The anti-manipulation proposed rule would make it illegal for any entity, directly or indirectly, in connection with the purchase or sale of electric energy or natural gas, or in providing transmission or transportation services subject to FERC regulation, to do the following: 1) defraud using any device, scheme or artifice; 2) make a false statement of material fact or omit a material fact; or 3) engage in any act, practice or course of business that operates or would operate as a fraud or deceit [RM06-3]. The proposed rule, as required by the energy bill passed by Congress this summer, is modeled after language in the Securities and Exchange Act.

At its regular monthly meeting on Thursday, the Federal Energy Regulatory Commission emphasized that the proposed regulation would apply to any entity, not just jurisdictional market-based rate sellers, natural gas pipelines or holders of blanket certificate authority. “Any entity” includes regulated state utilities and other market participants, it said.

“We intend to move swiftly to issue a final rule implementing the anti-manipulation provisions Congress provided.

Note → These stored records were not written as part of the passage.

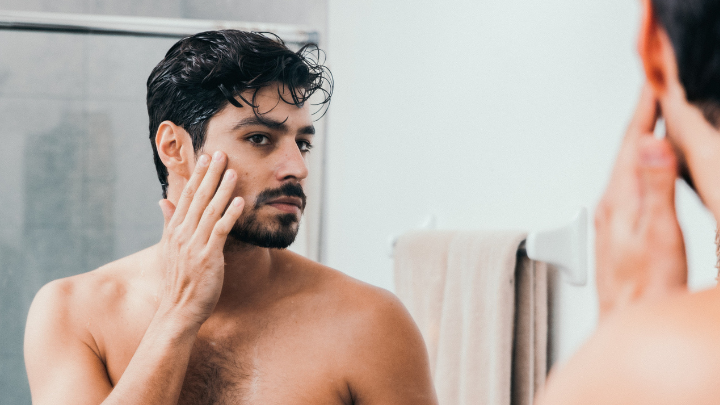 Man examining his face in a bathroom mirror, possibly checking for acne or skin issues.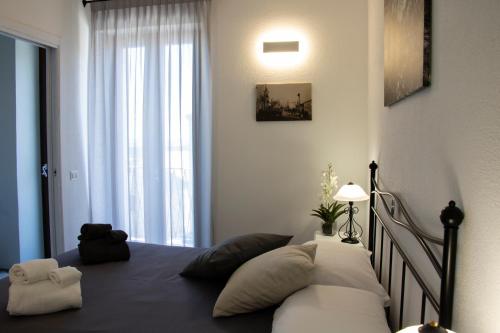 Ένα ή περισσότερα κρεβάτια σε δωμάτιο στο Bed & Breakfast Zia Menga - Luogosanto Sardinia
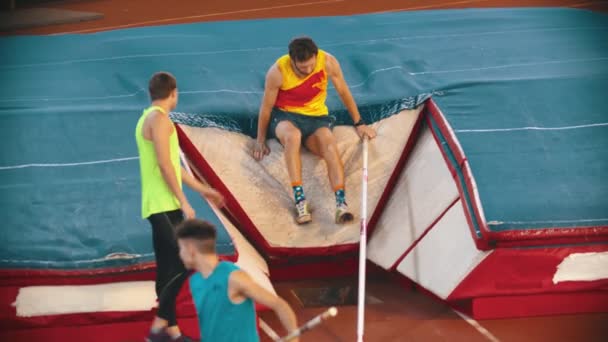 Трое спортсменов на тренировке по прыжкам с шестом на стадионе — стоковое видео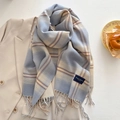 Detail of blue and beige plaid scarf with handmade tassel fringe on a beige blazer - Blue (FYR-295-Blue)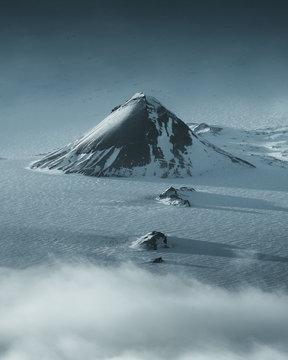 Large black hill in the center of a flat snowy landscape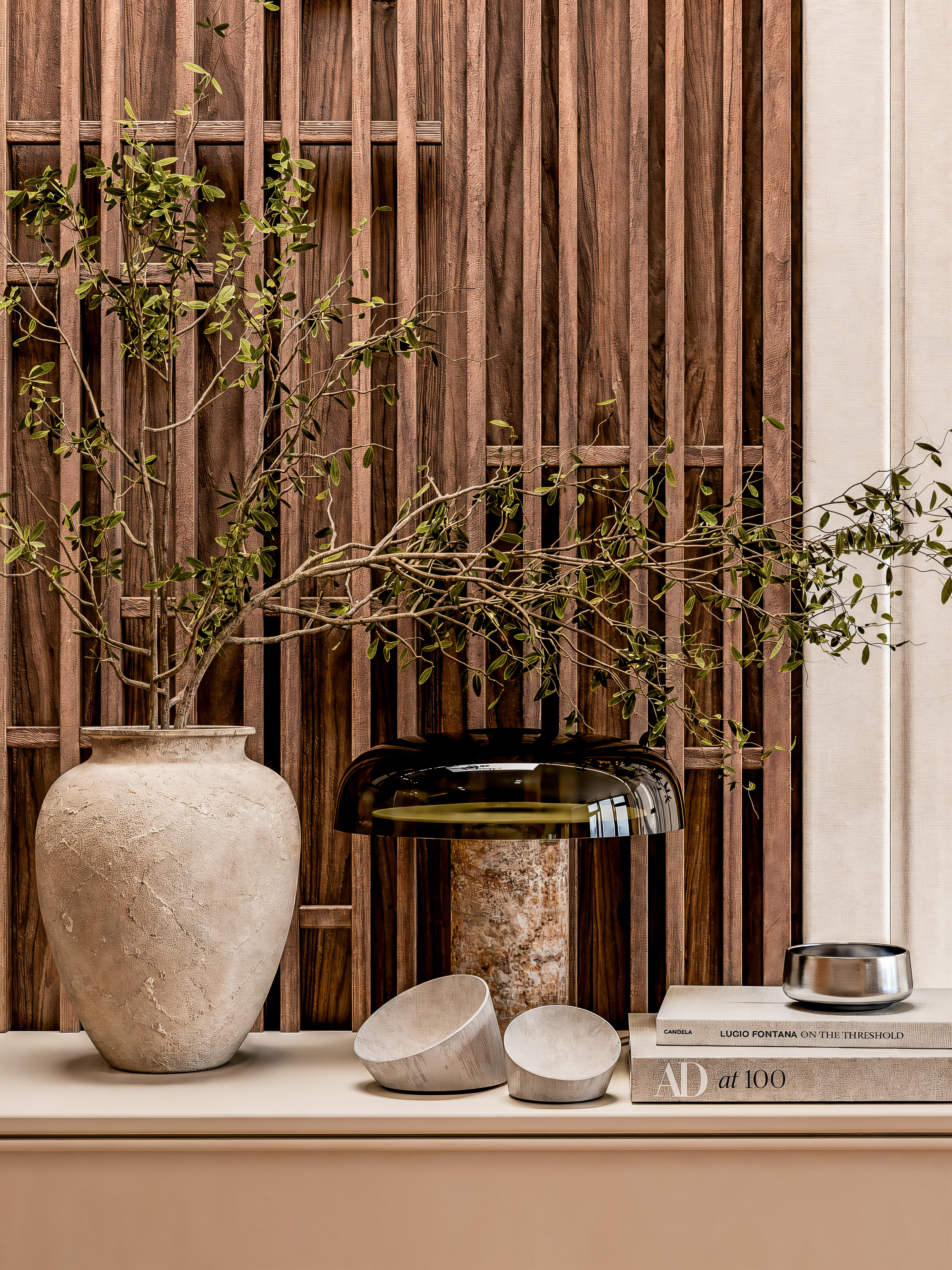 Decoração com vasos de cerâmica em vários tamanhos e cores neutras, um lustre de vidro dourado, um livro de design, uma tigela de metal prateada e uma parede de painel de madeira com acabamento escuro.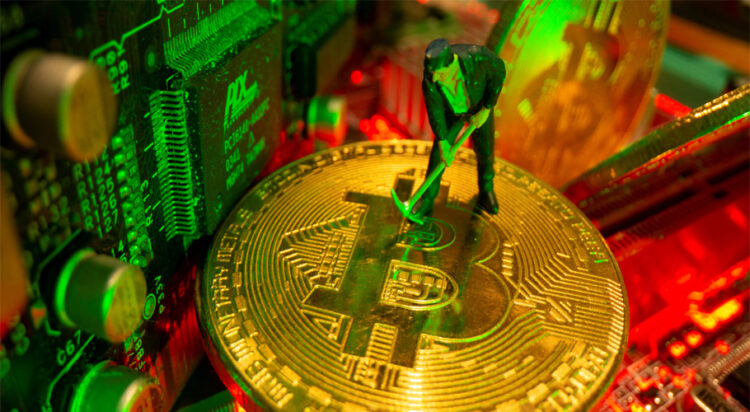 A small toy figure and representations of the virtual currency bitcoin stand on a motherboard in this picture illustration taken May 20, 2021. REUTERS/Dado Ruvic/Illustration/File Photo
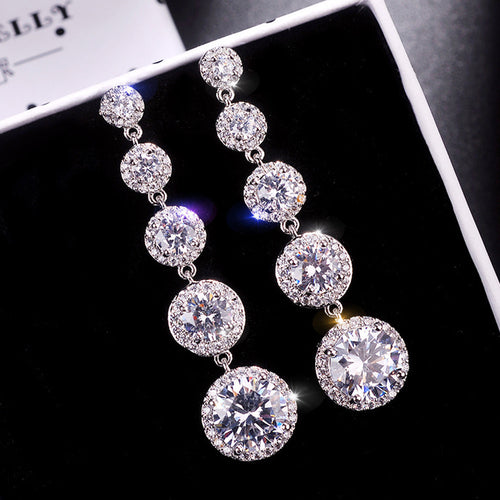 Graduated Round Clear Stone Drop Earrings Metal Jewelry Design shown from an alternate angle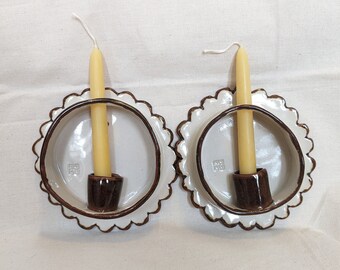 Pair of scalloped edge ceramic dark red and white wall sconces, candle holder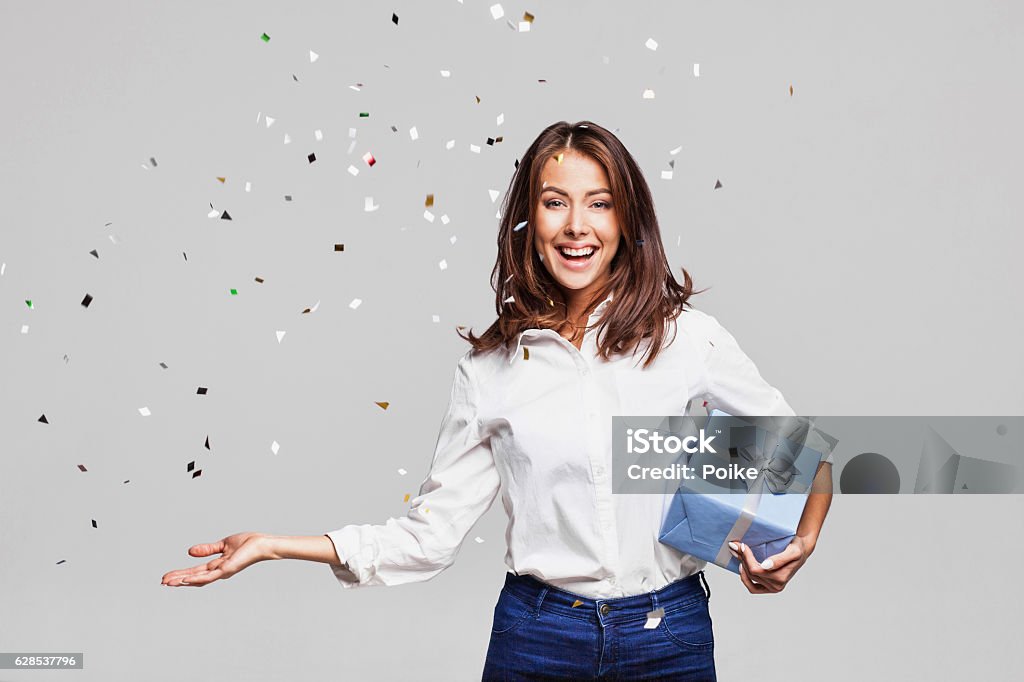 Laughing girl with falling confetti at party Beautiful woman with confetti and gift box at party on gray background Gift Stock Photo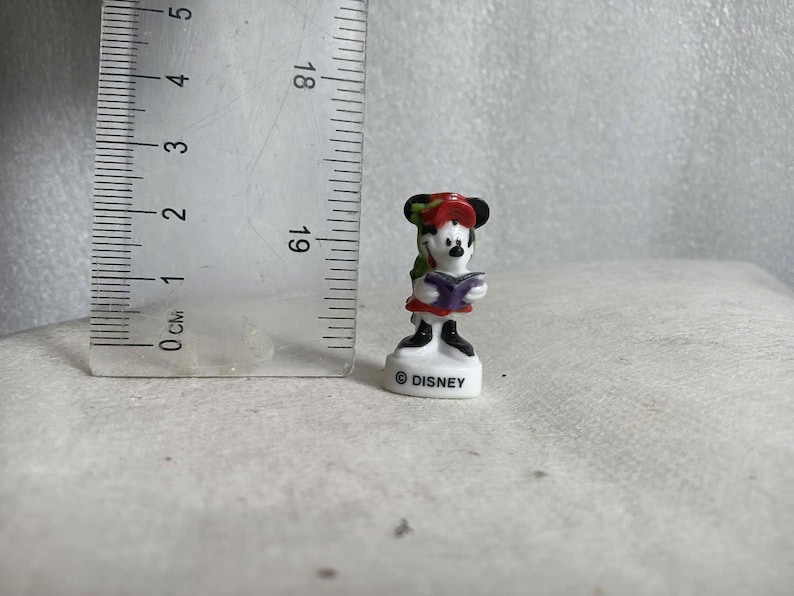 May include: A small Minnie Mouse figurine, approximately 2 inches tall, is depicted in a reading pose. She wears a red dress, a green and red hat, and holds a purple book. The base is white with the "&copy; DISNEY" logo.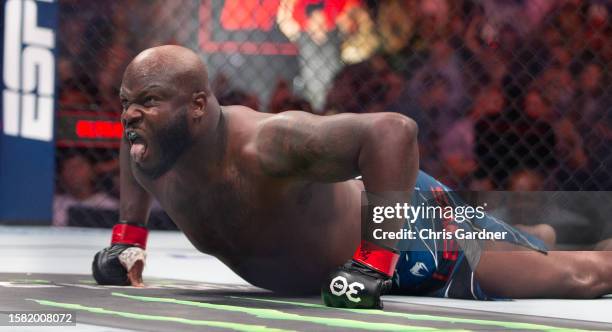 Derrick Lewis celebrates his win over Marcos Rogerio de Lima during their Heavyweight fight at UFC 291 at the Delta Center July 29, 2023 at the in...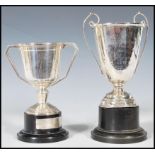 A pair of silver hallmarked trophies, one marked for Clifton Club Squash Rackets originally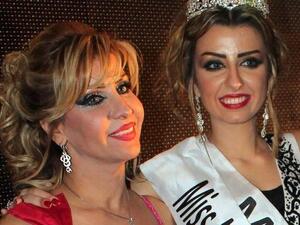 Nadine Fahad (R) is crowned queen.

In the interim, I would remind regulated entities that the market behavior rules remain in effect,” said Chairman Joseph Kelliher. “However, the [proposed rule] recognizes that, with the new authority granted by Congress, the Commission should consider whether to revise or repeal” an existing market behavior rule that addresses manipulation. “We intend to initiate such an inquiry in the very near future and to swiftly resolve that issue,” he noted.

The energy bill that was signed into law by President Bush in early August gave FERC the authority to impose civil penalties under the Natural Gas Act for the first time, and it extended civil penalties to all of Part II of the Federal Power Act. It also increased the maximum penalty that the Commission can assess on violations to $1 million per day for each violation.

In order to provide the energy industry with more guidance, FERC issued a concurrent policy statement that identifies the factors that it will weigh when deciding the appropriate remedies for a violation, including the amount of civil penalties to be levied [PL06-1]. The policy statement cites factors to be considered when determining the seriousness of a violation, and identifies the factors that could come into play to mitigate a punishment, such as adopting strong internal compliance programs, voluntarily reporting violations and cooperating with staff investigations.

Kelliher explained how this would work. “If two different entities commit the same violation, and one entity has an effective compliance program, self-reported the violation, took remedial action, cooperated with the Commission’s investigation, and the violation was an isolated instance, [while] the second entity had no compliance program, its senior management learned of the violation but took no action, the entity had a history of violations and failed to cooperate with the investigation, the civil penalties levied would likely be dramatically different,” he said.

Kelliher and the other commissioners stressed that FERC was more interested in compliance than enforcement this winter. “While we care about enforcement, enforcement is not a game of gotcha,” said Commissioner Nora Brownell.

The expanded anti-manipulation rules are especially critical as the winter heating season approaches and in light of the high natural gas prices, the agency said. “We ‘re going to see high prices this winter. We’re going to see volatility this winter. And we will be challenged to ensure both to Congress and to consumers that we’re on top of it,” Brownell noted.

In addition to the enhanced penalty authority, FERC noted that it currently has a variety of enforcement tools at its disposal, including the ability to order the disgorgement of illegal profits; or to condition, suspend or revoke market-based rate authority, pipeline certificate authority or blanket authority. Like other federal agencies, FERC also is considering issuing no-action letters, said Commissioner Suedeen Kelly.

Lastly, the Commission issued a proposed rule that would allow companies to use existing procedures for challenging financial audit findings in all audits, including operational audits [RM06-2]. FERC has traditionally conducted financial audits to determine compliance with its accounting regulations. But in recent years, the agency has begun carrying out operational audits to assure compliance with its standards of conduct and codes of conduct.

“The proposed rule would advance the due process rights of all audited persons by providing an effective procedure for them to challenge staff audit findings,” Kelliher said. “Companies seeking to challenge a staff audit finding may choose either a paper hearing or a trial-type proceeding if there are material issues of fact to resolve before we issue an order on the audit findings.”

Comments on the two proposed orders addressing FERC’s anti-manipulation authority and operational audits are due at the Commission within 21 days after being published in the Federal Register.